» REQUIREMENT:
What you return should be the lines from the one with "U'Artlines Fall Front" through the one with "Olympia Embroidered Pattern" in the data below, reproduced exactly with both ends, and no pictures at all.

» LISTED RECORDS:
◇ ◇ ◇ ◇
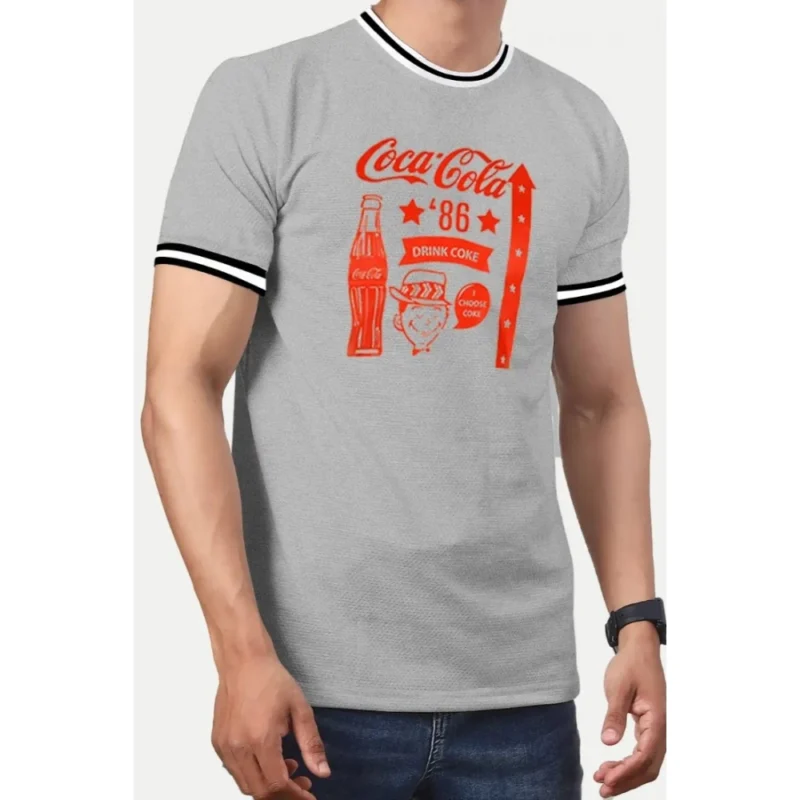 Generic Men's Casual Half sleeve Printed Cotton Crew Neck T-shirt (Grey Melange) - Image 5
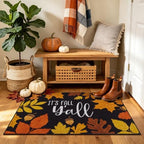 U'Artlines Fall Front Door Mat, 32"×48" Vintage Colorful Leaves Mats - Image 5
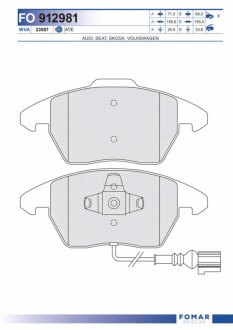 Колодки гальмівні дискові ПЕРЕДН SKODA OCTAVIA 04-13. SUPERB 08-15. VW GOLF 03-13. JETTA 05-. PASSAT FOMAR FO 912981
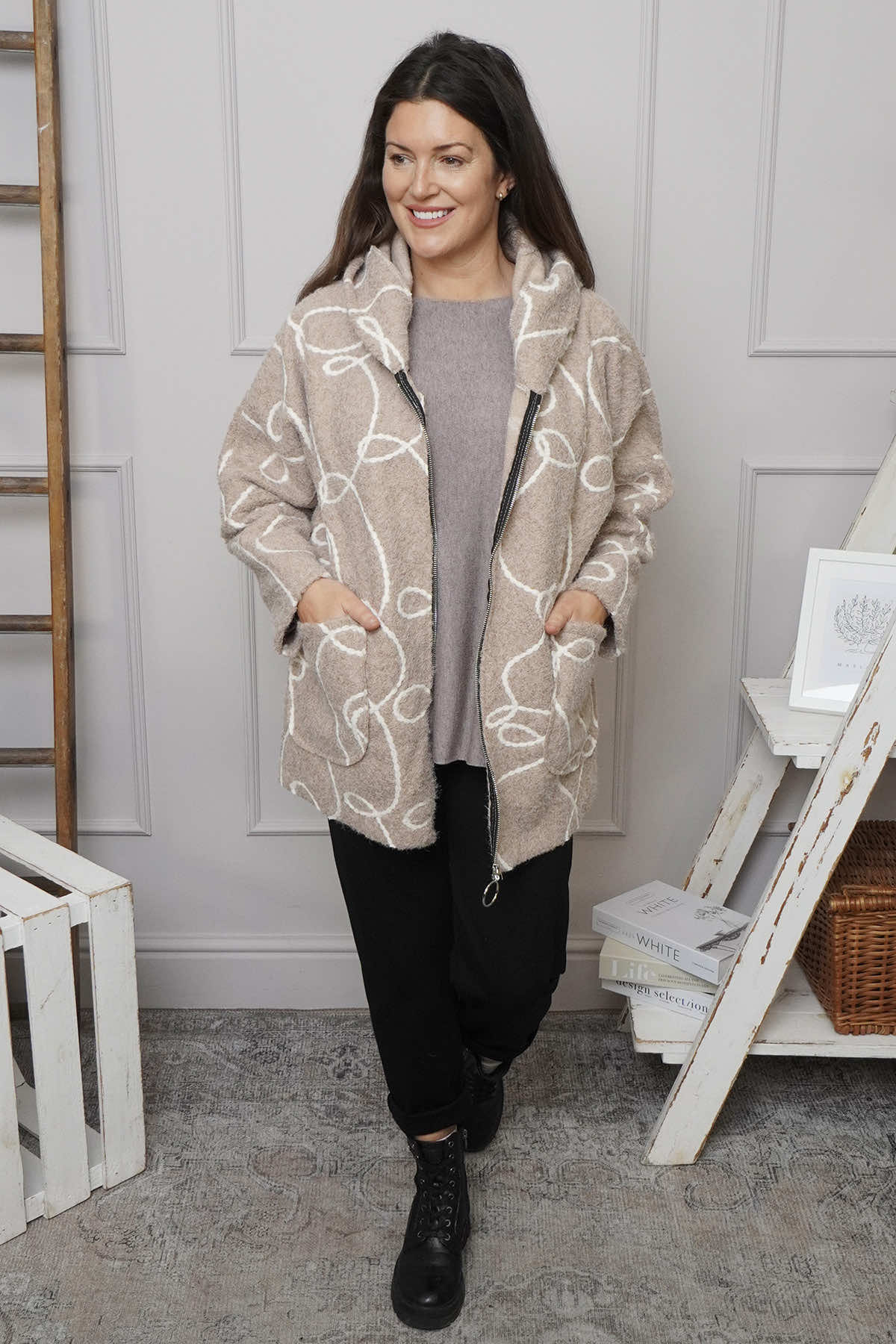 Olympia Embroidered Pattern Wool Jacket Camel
◇ ◇ ◇ ◇
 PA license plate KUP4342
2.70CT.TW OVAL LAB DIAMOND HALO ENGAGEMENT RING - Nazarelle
◇ ◇ ◇ ◇
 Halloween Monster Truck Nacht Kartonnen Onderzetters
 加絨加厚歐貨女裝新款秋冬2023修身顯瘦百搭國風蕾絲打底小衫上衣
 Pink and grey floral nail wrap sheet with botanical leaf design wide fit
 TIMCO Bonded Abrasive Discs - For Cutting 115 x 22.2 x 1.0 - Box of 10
◇ ◇ ◇ ◇
» WRITTEN RESPONSE:
 U'Artlines Fall Front Door Mat, 32"×48" Vintage Colorful Leaves Mats - Image 5
 Колодки гальмівні дискові ПЕРЕДН SKODA OCTAVIA 04-13. SUPERB 08-15. VW GOLF 03-13. JETTA 05-. PASSAT FOMAR FO 912981
 Olympia Embroidered Pattern Wool Jacket Camel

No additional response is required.